Abraham’s son was conceived when the father was 99 years old, Sarah was 90, and Ishmael was 13 (Genesis 17:1, 17, 25). When the boy was weaned (2-5 years) later, Hagar and Ishmael were dismissed from Abraham’s house and the covenant between Abraham and Abimelech took place (Genesis 21). And Genesis 21:34, says “And Abraham stayed in the land of the Philistines many days.” This verse suggests that many years (in biblical terms a day often refers to a year” lapsed to allow the boy to grow to be a young man.
In Genesis 22:1 it says that “after these things that God tested Abraham.” And after the sacrifice of Isaac came the news of Abraham’s relatives in Haran and then Sarah died at the age of 127 when Isaac was 37 (Genesis 23:1). So, there was a period of 35 years from weaning till the death of Sarah to allow for the chapter 21 and 22 to take place.
Also, the word “lad” that pointed to Abraham’s son in Genesis 22:5,12 doesn’t necessarily mean that Isaac was a young boy. For example, Joseph was called a lad at the age of seventeen (Genesis 37:2). In addition, Isaac must have been a young man to be able to carry the wood necessary for the large sacrifice (Genesis 22:6) because we are told that Abraham left his servants at the bottom of the mountain and went alone with his son to the place of offering. A small boy could not carry the bundle of wood. For these reasons Bible commentators have expressed their views about the age of Isaac as such:
Josephus wrote: “Now Isaac was twenty-five years old” (1.13.2).

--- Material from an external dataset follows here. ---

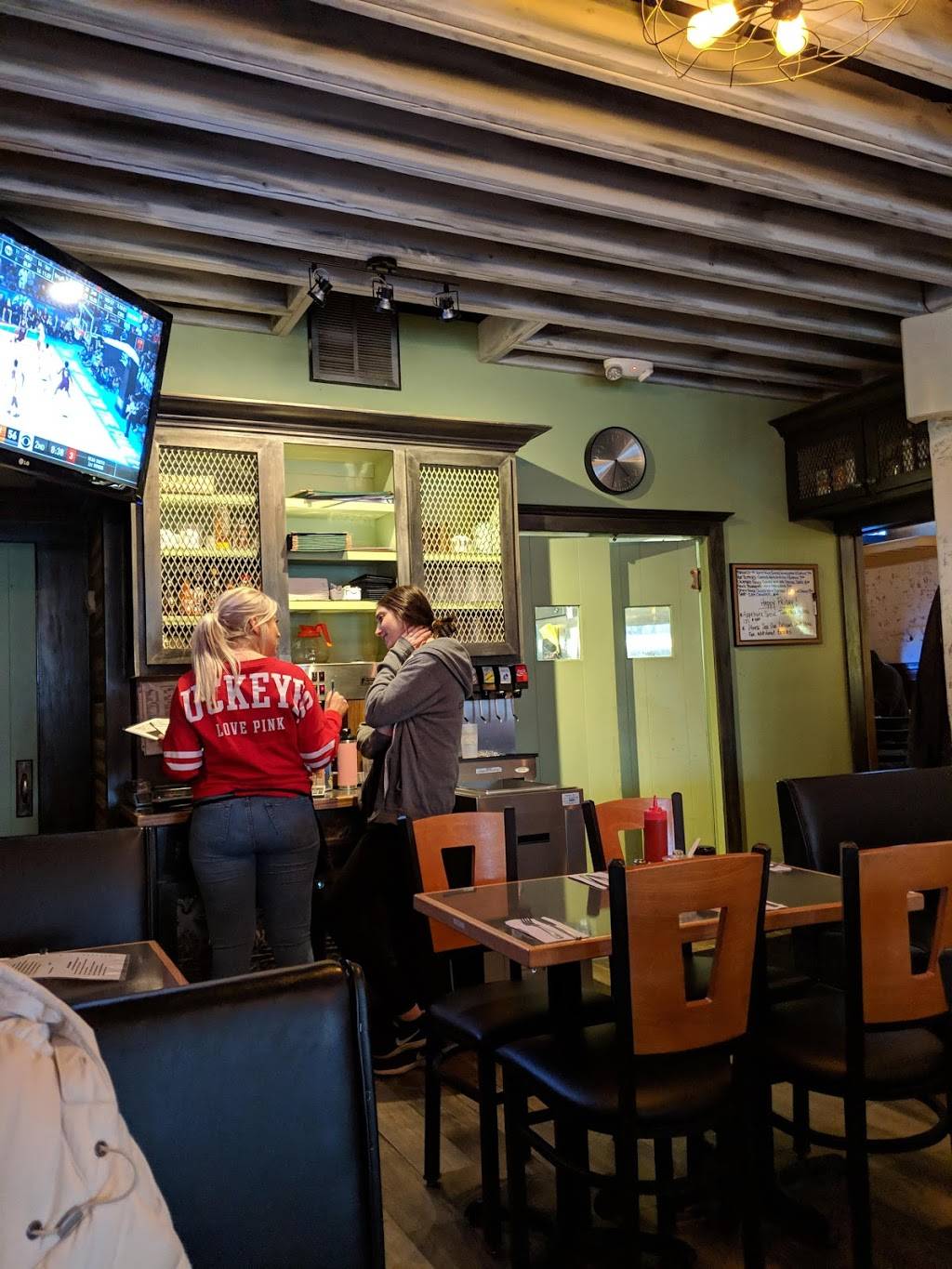 DiCillo Tavern | restaurant | 6088 Mayfield Rd, Mayfield Heights, OH 44124, USA | 4404422755 OR +1 440-442-2755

Leupold wrote: “He may by this time have arrived at the age of some eighteen to twenty years” (1942, 1:625).
Adam Clarke wrote: “[I]t is more probable that he was now about thirty-three” (1:140, emp. in orig.).
Jamieson, Fausset, and Brown wrote that Isaac was “then upwards of twenty years of age” (n.d., p. 29).
Keil and Delitzsch wrote that “this son had grown into a young man” (1976, 1:248).
Morris said, “[T]he meaning in Isaac’s case should also be ‘young man’ ” (1976, p. 373).
Curtis Manor wrote that Isaac was “a youth of sufficient strength and agility to carry a load of firewood up a mountainside” (1994, p. 103).
Isaac submitted to the will of God and His father. In so doing, he was a type of the Messiah, the only begotten Son of God; whom God out of his great love to men gave to be an offering and a sacrifice for their sins (John 3:16).